Öte yandan, adaleti savunmaya inanan giderek artan sayıda avukat, Falun Gong hakkında gerçeği öğrendi ve ÇKP’nin zulmünün yasa dışı olduğunu fark etti. Bu avukatlar, uygulayıcıları mahkemelerde savunarak cesur ve akılcı bir şekilde davrandılar ve çoğu zaman yargıçları ve polisleri sessiz bıraktılar. ÇKP, öfkeyle bu avukatların lisanslarını iptal ederek ve başka yöntemlerle onları yok etmeye çalışarak misilleme yaptı. Hatta bazı avukatları kaçırarak gizli yerlere götürdü ve onları hem fiziksel hem de zihinsel olarak işkenceye maruz bıraktı. Uzun bir süre boyunca aileleri, onların nerede olduklarını öğrenemediler.

Zaman geçtikçe, insanlar bugünkü Çin’in gerçekliğini görmeye başladı: Doğruyu söylemeye cesaret eden, prensiplerine bağlı kalan, görevlerini yerine getiren, alçakgönüllü, insancıl ve merhametli iyi insanlar, ÇKP’nin yok etme, bastırma ve dışlama politikalarının hedefi haline geliyor. Vicdanlarını terk eden ve ÇKP ile iş birliği yaparak bu iyi insanlara zulmeden ve Çin toplumunun ahlakını bozan kötü insanlar ise ÇKP tarafından terfi ettirilerek, para kazanma, yolsuzluk yapma ve sefahat içinde yaşama fırsatları buluyor.

Bugünün Çin'inde ahlak yozlaşmış, toplum ise harap durumda. ÇKP tarafından körüklenen “hızla zengin olma” arzusu, “ölene kadar eğlenme” düşüncesi ve “ölmeden önce keyif sürme” zihniyeti, baskın sosyal normlar haline gelmiş durumda. İnsanlar giderek daha dürtüsel, acımasız, ilgisiz ve bencil hale geliyor. Çin’deki mevcut durum ve halkın durumu gerçekten çok vahim!
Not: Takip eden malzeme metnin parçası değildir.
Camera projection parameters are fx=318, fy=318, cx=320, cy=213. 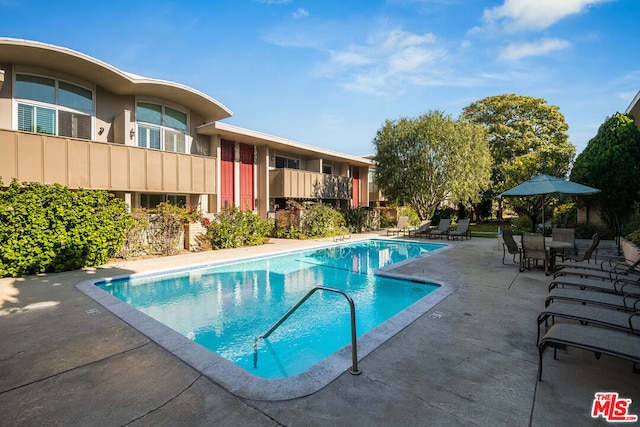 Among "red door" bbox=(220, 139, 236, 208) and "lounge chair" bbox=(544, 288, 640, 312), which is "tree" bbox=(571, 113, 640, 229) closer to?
"lounge chair" bbox=(544, 288, 640, 312)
Ancak Çin'de yaşayan insanların çoğu bu tehlikenin farkında değil.

2019’un sonlarında patlak veren COVID-19 pandemisi, bugüne kadar Çin’de 400 milyondan fazla insanın ölümüne neden oldu; bu sayı, ÇKP’nin yayınladığı istatistiklerin çok ötesindedir. Birçok kişi, bunun Tanrı’nın insanları, özellikle de ÇKP’yi destekleyip onun kötülüklerine yardım edenleri yok etmesi olduğunu söylüyor. COVID-19 gibi doğal afetler karşısında, sözde “ileri” tıbbımız çaresiz kaldı. ÇKP'nin şehirleri kapatma, sıfır COVID politikası gibi aşırı tedbirleri ve gerçek vaka sayılarını gizlemek için enfekte olanların sayısını sınırlaması, birçok insanı umutsuzluğa sürükledi. Teşhis edilemedikleri için doğru tedaviye ulaşamayanlar, ölümü beklemek zorunda kaldılar.

Bu kadar acı çeken birçok Çinli, artık para, şöhret, statü ve güç gibi yüzeysel şeylerin ne kadar önemsiz olduğunu fark etmeye başladı. Çünkü bu şeyler ne kendi hayatlarını ne de ailelerinin hayatlarını kurtarabiliyor.